Dataset excerpts:
══════

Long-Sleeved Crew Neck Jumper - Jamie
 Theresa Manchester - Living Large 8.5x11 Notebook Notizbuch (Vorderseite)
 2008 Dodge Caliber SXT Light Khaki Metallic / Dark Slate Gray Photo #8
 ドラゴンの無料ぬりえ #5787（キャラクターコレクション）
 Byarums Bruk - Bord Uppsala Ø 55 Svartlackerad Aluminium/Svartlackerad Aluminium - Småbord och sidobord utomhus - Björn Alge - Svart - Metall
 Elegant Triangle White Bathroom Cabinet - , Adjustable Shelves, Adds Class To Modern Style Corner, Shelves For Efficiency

══════

§ TRY IT
Each record above is to be printed again exactly as written.

§ ANSWER SPACE
Long-Sleeved Crew Neck Jumper - Jamie
 Theresa Manchester - Living Large 8.5x11 Notebook Notizbuch (Vorderseite)
 2008 Dodge Caliber SXT Light Khaki Metallic / Dark Slate Gray Photo #8
 ドラゴンの無料ぬりえ #5787（キャラクターコレクション）
 Byarums Bruk - Bord Uppsala Ø 55 Svartlackerad Aluminium/Svartlackerad Aluminium - Småbord och sidobord utomhus - Björn Alge - Svart - Metall
 Elegant Triangle White Bathroom Cabinet - , Adjustable Shelves, Adds Class To Modern Style Corner, Shelves For Efficiency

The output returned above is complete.